Figure 5 illustrates an assembly for producing 128 new laser wavelengths of predetermined wavelength in a rapid and predetermined manner. In this arrangement the selectable outputs from selectable laser assemblies 60 and 61 are fed to a half silvered unit 62 by lines 63 and 64. The output from the unit 62 is fed to a further half silvered unit 65 via line 66. Also fed into half silvered unit 65 via line 67 is the selectable output of laser assembly 68 which has four selectable lasers, as do assemblies 60 and 61. The output from the half silvered unit 65 is fed via line 69 to a further half silvered unit 70, where it is combined with light entering the half silvered unit 70 from line 71. Line 71 interconnects the half silvered unit 70
with the half silvered unit 72. The inputs to the half silvered unit 72 are from the single lasers 73 and 74 via lines 75 and 76. The lasers 73 and 74 can be switched on or off as required and /or the lasers can be left permanently on and have their output gated (so as to have an output or no output from a permanently switched on laser).
The output from the half silvered unit 70 is then passed to the four wave mixing unit 77 via line 78 and then processed through the four wave mixing unit 77, the static filter 79, the amplifier 80 and signal 81 is modulated onto the light at 82 to produce a modulated output 83.
In a yet further embodiment the lasers 73 and 74 could also be replaced with multi wavelength selectable lasers to increase the number of options still further.
Part or all of the assembly of the invention could be monolithically or hybridly integrated.
It will be appreciated that the invention provides a number of distinct advantages. Because the relationship between the input wavelengths and the new generated wavelengths is fixed, as long as the wavelengths of the originating lasers such as lasers 1 ,2 and 3 are fixed then the output cannot vary in wavelength. This means that no wavelength referencing or policing is required for the output, even though a large number of new wavelengths are possible from a
single embodiment of the invention. All of the advantages of a selectable laser assembly are obtained but with a very significant multiplication of available wavelengths. The components may be made with high yield factors to enable the invention to be produced economically.

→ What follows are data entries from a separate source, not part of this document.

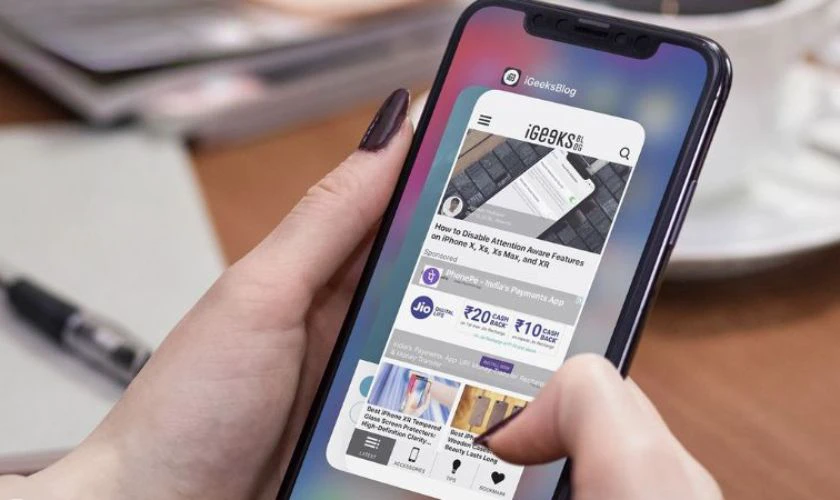 Tại sao iPhone 15 Pro Max để qua đêm bị tụt pin?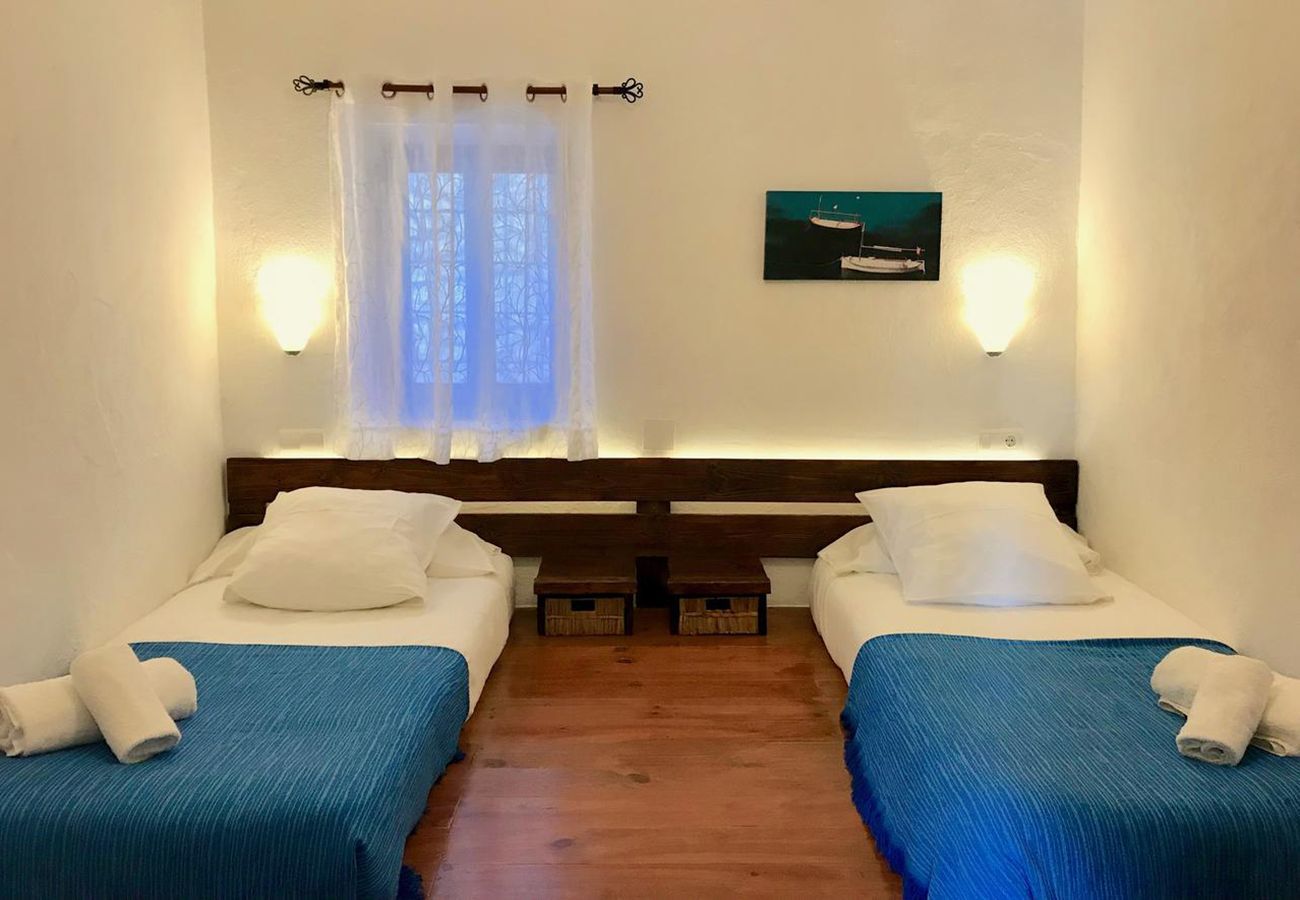 Villa in Sant Josep de Sa Talaia - Villa Piedra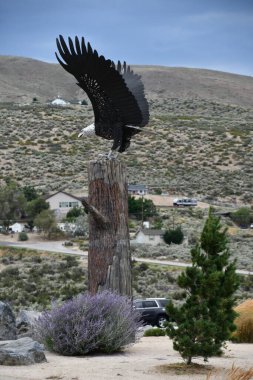CARSON CITY, NEVADA - 16 AUG: Kartal heykeli 16 Ağustos 2023 'te Carson City, Nevada' da görüldü..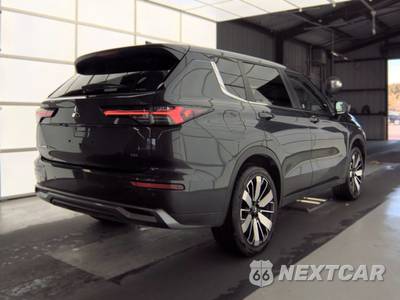 2025 Mitsubishi Outlander SE - zdjęcie 4 z 26 - miniatura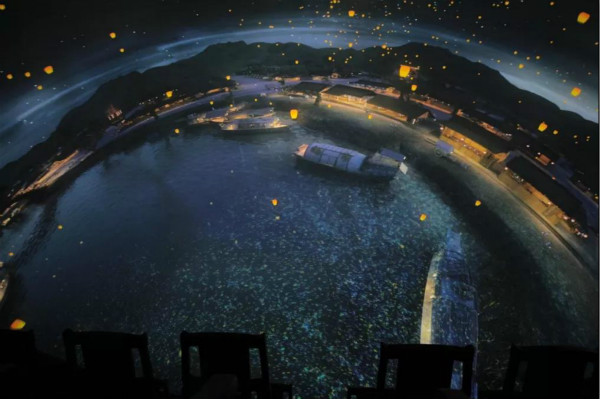 虹橋球幕影院：觀眾“穿過虹橋，球幕的影片將會(huì)轉(zhuǎn)為夜景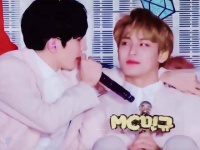 磕面镜的仪式感，实则是两位极具魅力的人物演绎的一出纯美之恋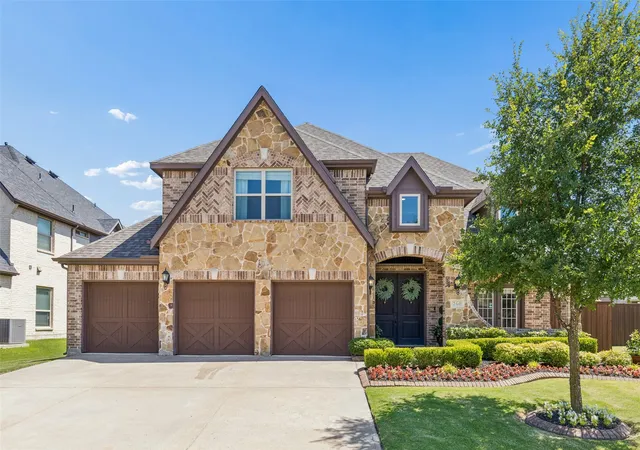 Photo 1 of Single family home for sale at 260 Saint Mark Ln, Prosper, TX 75078 | MLS# 21287430 | Listing updated on 2026-09-30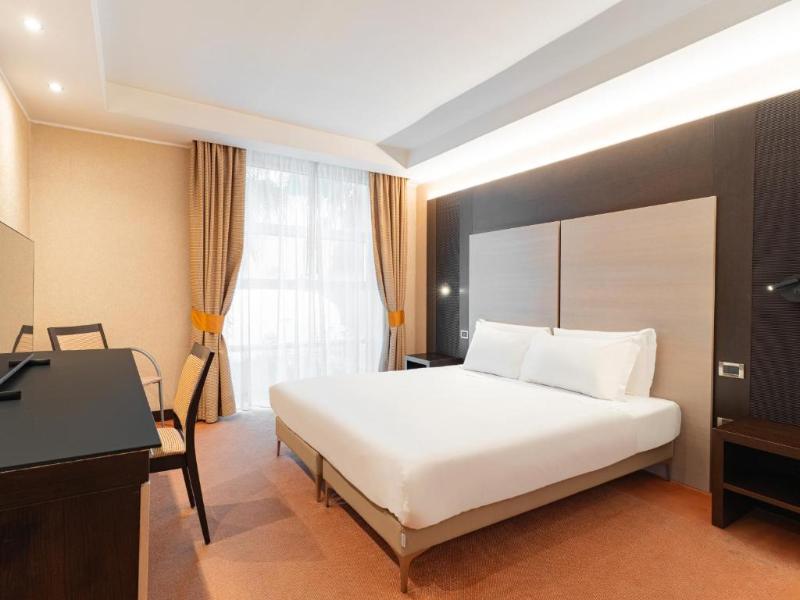 B&B HOTEL Napoli San Mauro image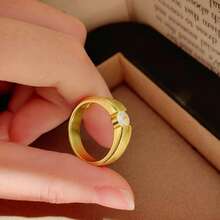Nhẫn mạ vàng 18K có họa tiết, đính một viên đá Zirconia, thiết kế tối giản sang trọng dành cho nữ. - Vàng - Xem 2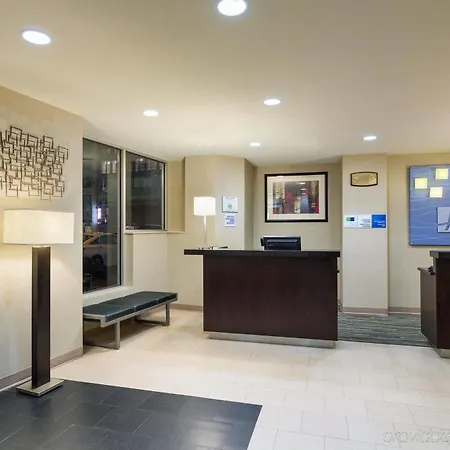 Express - Street By Ihg Hotel 3*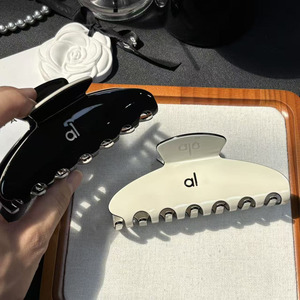 유시 커스텀 로고 대형 아세테이트 알로 헤어 클립 샤크 클립 심플 블랙 앤 화이트 패셔너블 엘레강트 헤어 액세서리 - Product Image 2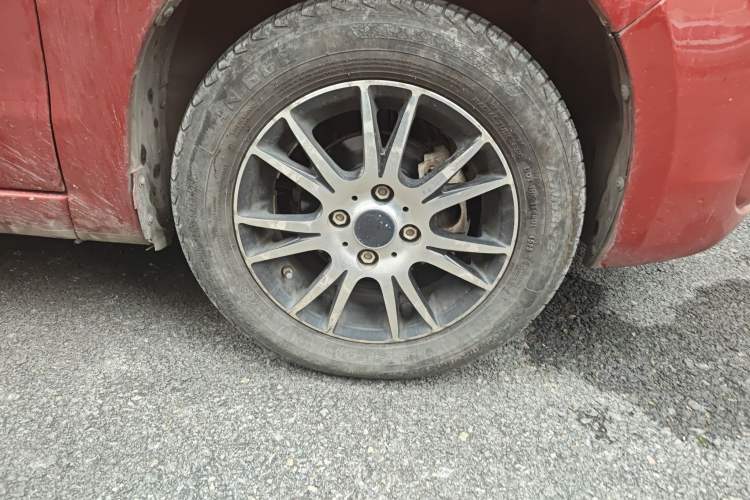 Used Chevrolet Sail 2010 Sedan 1.4L Manual Enjoyment Edition Right Front Wheel Hub
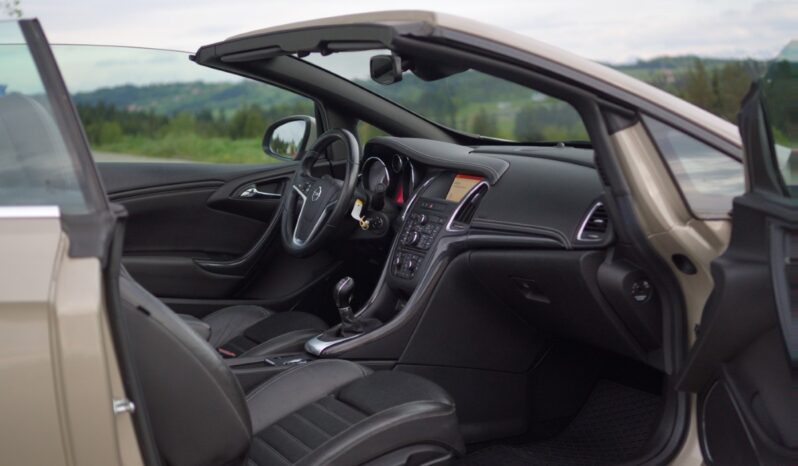 
								Opel Cascada full									
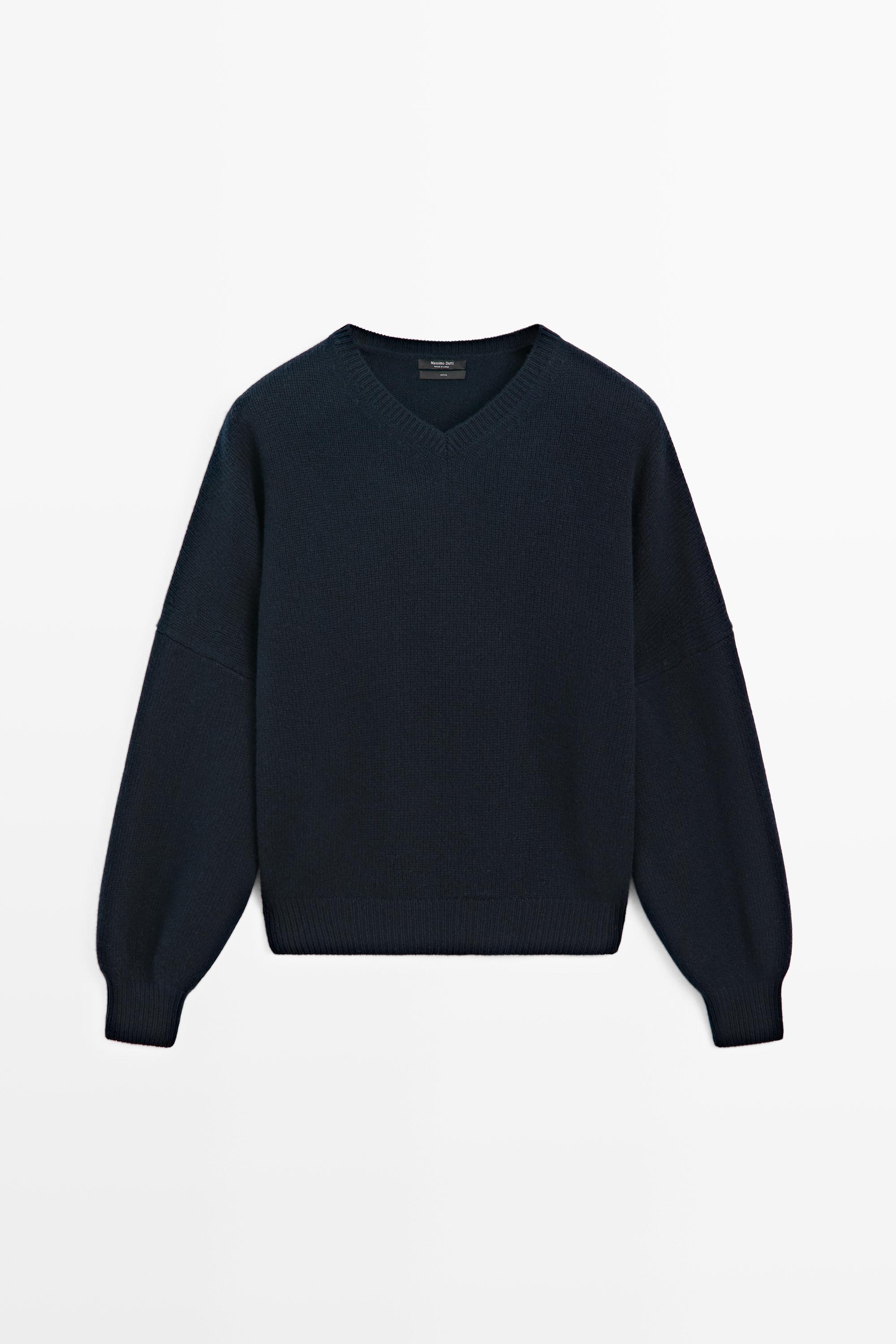 100% wool oversize knit sweater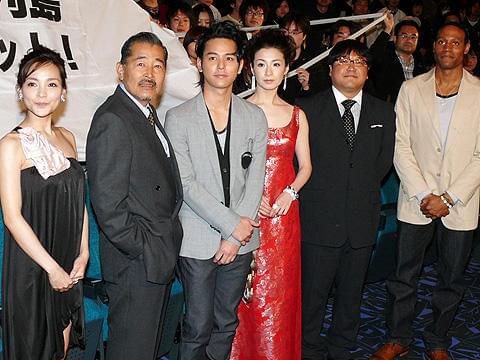 妻夫木も驚嘆？ギネス級巨大マスクが登場。「感染列島」初日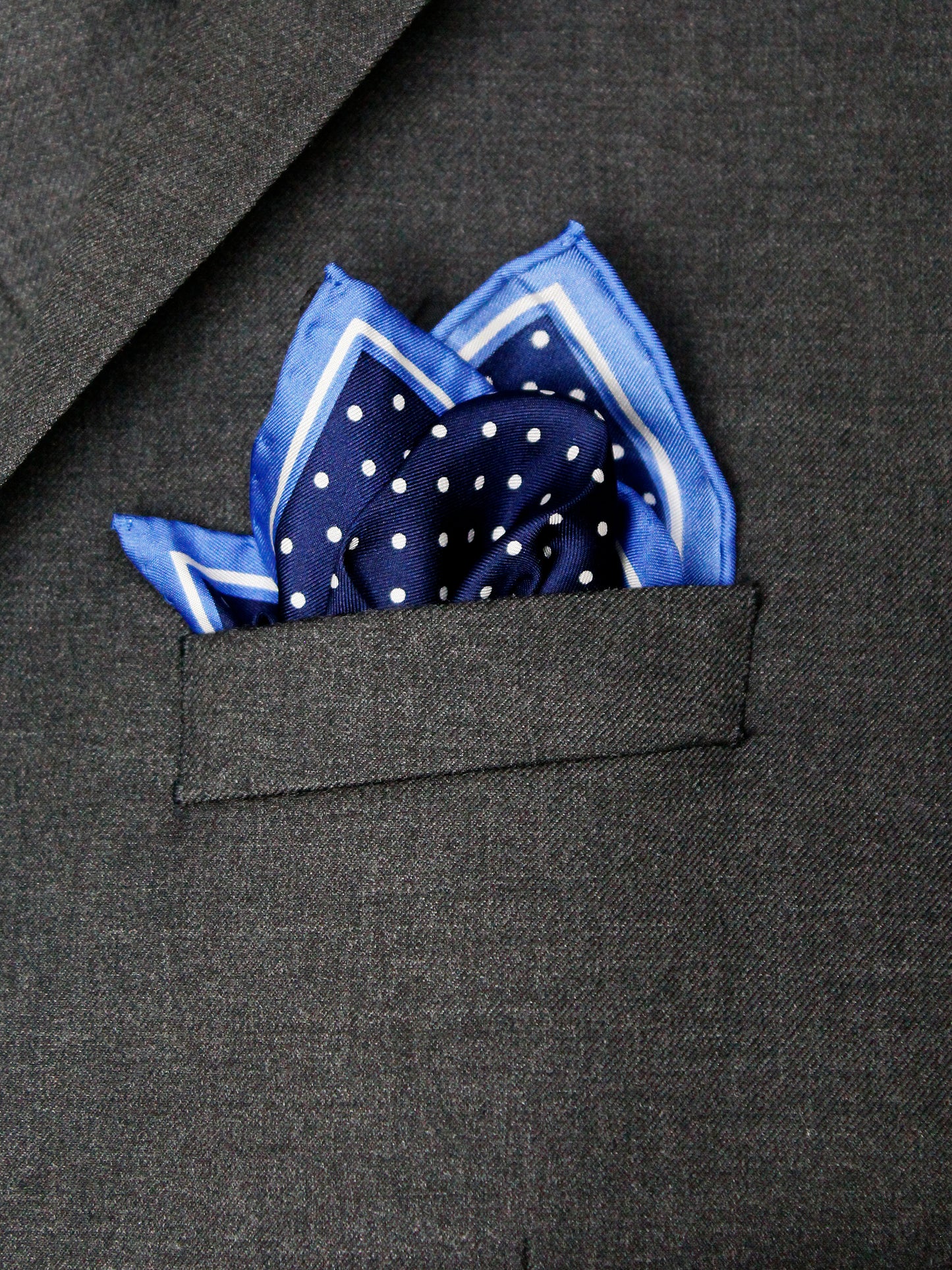 Heritage House Pocket Square 35285 - Polka Dot - Navy/White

By using a static filter rather than a dynamic filter, costs are reduced, the operating switching speeds are increased and there is no danger of wavelength variation in the output. The static filter can have apertures at wavelengths other than those generated by the principal lasers without harm, and this again reduces costs.
It will be appreciated that the static filter may have apertures in regions where such apertures are of no significance. For example there may be very weak and wavelength remote harmonics generated in the four wave mixer, but if they are so low in energy and/or so remote in frequency from the useful frequencies as to be of no concern it would not, in practise, matter if the filter let them through.
It will be appreciated therefore that many embodiments of the invention can be produced to gain the advantage of the invention.